For technical strategists, the euro will probably remain above $ 1.35 in the medium term, especially because the European Central Bank (ECB) is expected to begin raising rates before the Fed.
Speculation about the YEN STILL RISKY
Meanwhile, the contention between great powers on the file exchange is clear: Brazil doubled last week the taxation of foreign capital invested in the bond market, South Korea has warned that it intended to regulate certain financial transactions and India has hinted it might intervene in currency markets.
China, it has reiterated in recent days it intended to take his movement rate of appreciation of its currency, the yuan.
For Alan Ruskin, head of G10 foreign exchange strategy at Deutsche Bank, the current exchange rate is the logical consequence of divergent economic developments.
"This goes far beyond the mere fact that the Fed prepares to launch new quantitative easing", he said.
"We are faced with interest rates low for some time in most developed economies, with strong growth and the need to toughen policies elsewhere.This implies that flows to the emerging world will continue. "

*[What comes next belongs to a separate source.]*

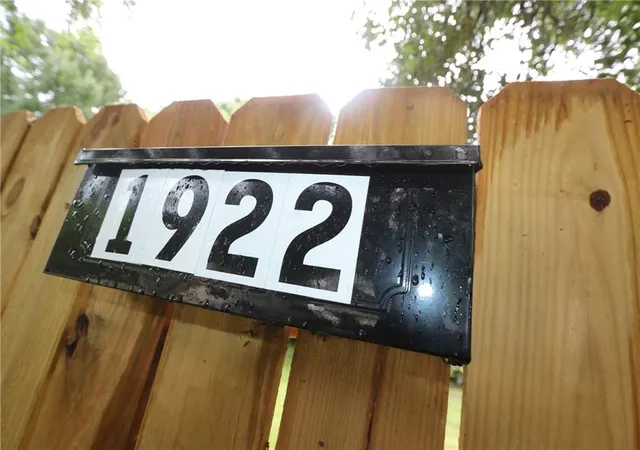 1st image of 1922 Cooper Rd, Gretna, LA 70056 | MLS# 2564348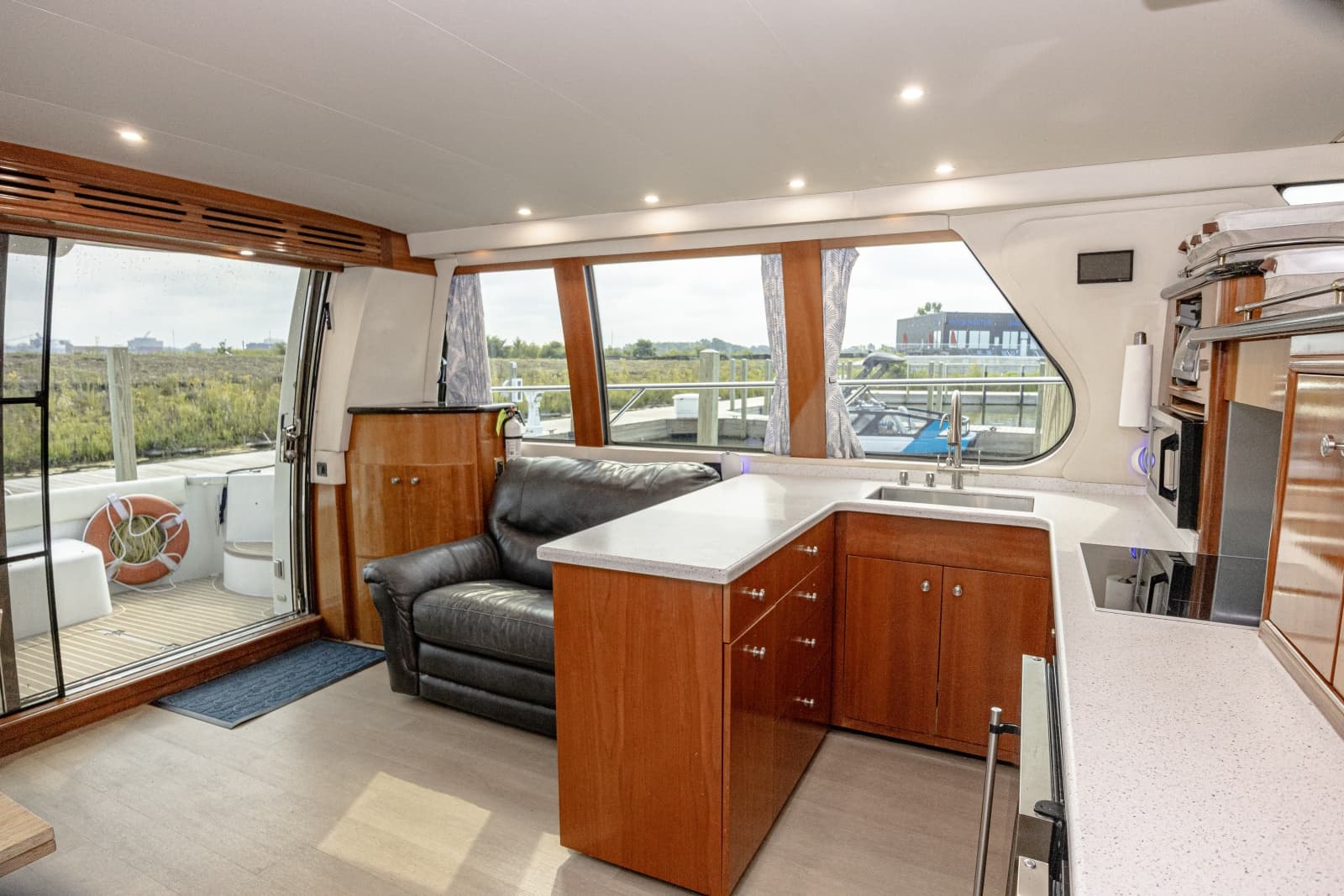 2002 Carver 530 Voyager Sky Lounge - Photo 9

Specifically on the yen, some investors may test the resolution of the Bank of Japan in pushing the dollar to a new record low, but speculate on the Japanese currency remains risky, analysts say.
Some note that the silence of the United States this weekend on the issue could be a tacit green light to further intervention by Tokyo.The dollar was changing Friday under the threshold at which the Japanese authorities intervened in the market on September 15.

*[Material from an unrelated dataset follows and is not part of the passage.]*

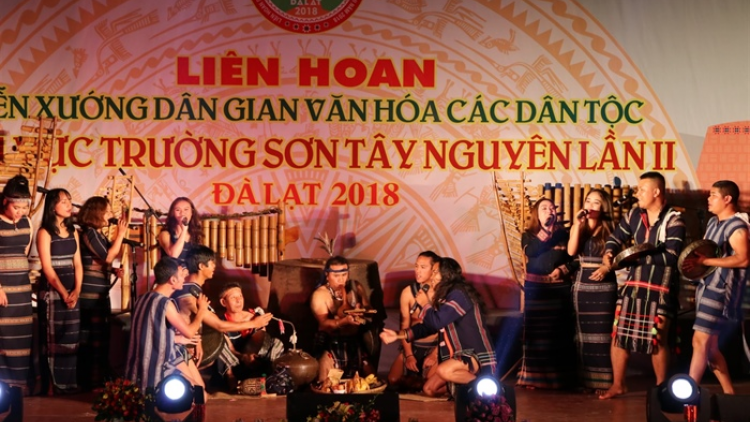 Liên hoan Diễn xướng dân gian văn hóa zập acoon coh zr’lụ Trường Sơn-Tây Nguyên g’luh III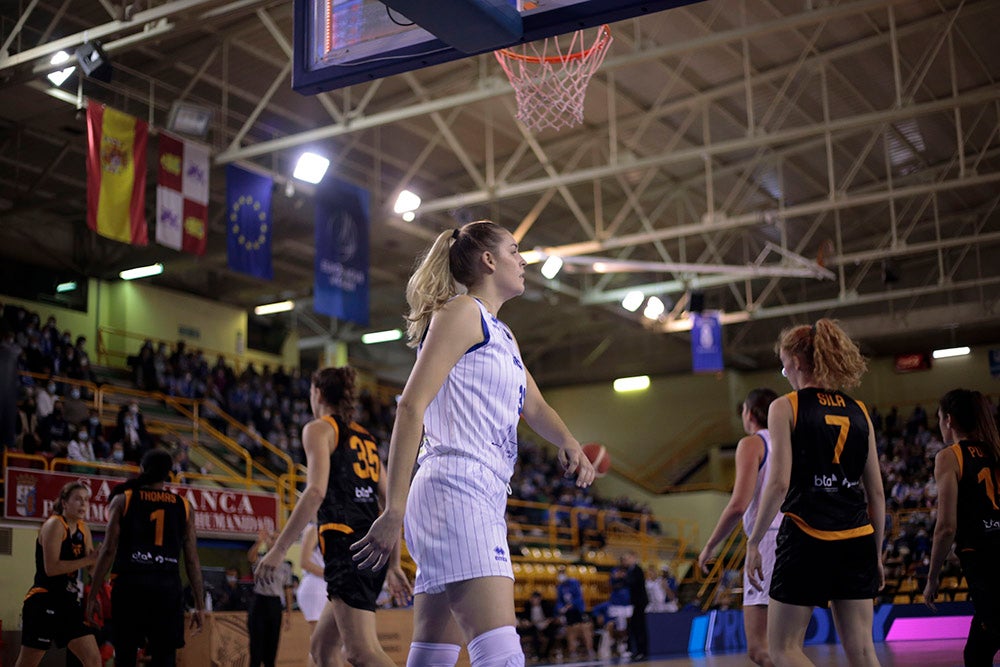 Un voluntarioso Avenida pone la segunda a costa de un débil Riga (72-41)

"Geithner was flexible enough for the Japanese so there are probably people who are afraid to see the BOJ intervene again," said Marc Chandler, strategist at Brown Brothers Harriman, in reference to U.S. Treasury Secretary Timothy Geithner.
Alan Ruskin, Japan visibly free hand for now as it attempts to slow the yen's rapid appreciation, rather than targeting a specific level, as some emerging countries.
"I think that the United States seeks to prevent Japan diverts attention from efforts to achieve greater flexibility of the Chinese Foreign Exchange," he says.